Pension plans: unfair to women?

The Reagan administration threw its weight last week behind the legal battle being waged in the Supreme Court by women who charge they are discriminated against illegally under many pension plans.

The importance of the issue goes far beyond a current case at Long Island University in New York. The contested plan there is similar to programs at 3,400 colleges nationally, with 650,000 employees. Similar plans cover employees of many state governments. The decision by the Supreme Court could affect millions of workers and billions of dollars in pension money.

The test case involves a Long Island professor, Diana Spirt, who is challenging a retirement program that pays women 11.3 percent less than men each month because women have a longer life expectancy. Pensions are based on actuarial tables, which show the different life expectancy of men and women as groups.

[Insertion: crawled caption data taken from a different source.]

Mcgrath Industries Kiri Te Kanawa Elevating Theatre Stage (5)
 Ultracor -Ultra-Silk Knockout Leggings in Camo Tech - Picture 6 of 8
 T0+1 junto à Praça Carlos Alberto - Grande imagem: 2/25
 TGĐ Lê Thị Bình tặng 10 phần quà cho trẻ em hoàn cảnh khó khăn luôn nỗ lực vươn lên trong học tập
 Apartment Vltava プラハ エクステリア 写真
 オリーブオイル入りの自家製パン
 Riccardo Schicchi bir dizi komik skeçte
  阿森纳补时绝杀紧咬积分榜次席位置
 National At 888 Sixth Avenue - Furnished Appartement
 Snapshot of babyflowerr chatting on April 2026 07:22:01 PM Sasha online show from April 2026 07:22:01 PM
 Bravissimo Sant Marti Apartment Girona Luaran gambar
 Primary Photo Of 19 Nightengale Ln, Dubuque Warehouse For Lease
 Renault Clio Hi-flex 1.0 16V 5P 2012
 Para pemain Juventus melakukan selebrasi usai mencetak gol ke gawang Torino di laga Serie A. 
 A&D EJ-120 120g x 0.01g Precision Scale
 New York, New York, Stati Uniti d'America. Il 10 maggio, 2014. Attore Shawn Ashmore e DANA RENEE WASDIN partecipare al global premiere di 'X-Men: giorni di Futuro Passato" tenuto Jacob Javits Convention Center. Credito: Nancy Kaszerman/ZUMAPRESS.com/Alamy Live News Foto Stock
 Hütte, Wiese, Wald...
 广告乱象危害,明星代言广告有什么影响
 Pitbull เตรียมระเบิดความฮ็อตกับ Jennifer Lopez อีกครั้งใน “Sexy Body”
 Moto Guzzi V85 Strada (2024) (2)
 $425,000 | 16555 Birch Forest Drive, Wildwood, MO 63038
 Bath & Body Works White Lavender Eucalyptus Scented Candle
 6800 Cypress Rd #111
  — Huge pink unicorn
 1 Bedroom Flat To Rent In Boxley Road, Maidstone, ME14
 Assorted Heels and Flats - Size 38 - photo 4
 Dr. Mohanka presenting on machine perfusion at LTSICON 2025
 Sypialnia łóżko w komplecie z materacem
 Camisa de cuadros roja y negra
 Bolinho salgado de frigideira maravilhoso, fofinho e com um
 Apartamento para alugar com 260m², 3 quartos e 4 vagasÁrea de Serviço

Insurance and pension plan executives are worried. J. Michael Low, Arizona director of insurance who has another case before the high court, says a loss could mean ''the whole industry would have to be restructured.''

Supporting Diana Spirt and others challenging the present pension system, US Solicitor General Rex E. Lee told the Supreme Court Jan. 11 that the 1964 Civil Rights Act prohibits the common practice of varying monthly pension payments on a basis of the different life expectancies of men and women.

The Supreme Court held in 1978 that women cannot be required to contribute more to retirement plans because tables project that they will live longer and collect more in pension payments.

Mr. Lee said in a brief submitted to the court that the principle of law in the 1978 case is precedent for the current litigation.

''Whether a woman contributes a greater amount of her compensation than a man for an equal benefit or contributes an equal amount for a lesser benefit, the use of sex-based actuarial tables in calculating periodic benefits results in the same discrimination,'' Mr. Lee said.

Pension plan administrators contend that the use of actuarial tables equalizes payments to be received by men and women: the latter may be paid less on a monthly basis but the women's total payments on a group basis will be about the same as those for men. Unless there is a differential, the administrators say, women would fare better than men over their longer lifetimes.

In addition to the potential impact on retirement plans, a high court decision for the women could affect insurance programs where differentials exist because of the use of actuarial tables in fixing charges and benefits. Because of possible effects in other fields, the court may narrow its decision by closely and specifically defining the relative rights of groups and individuals.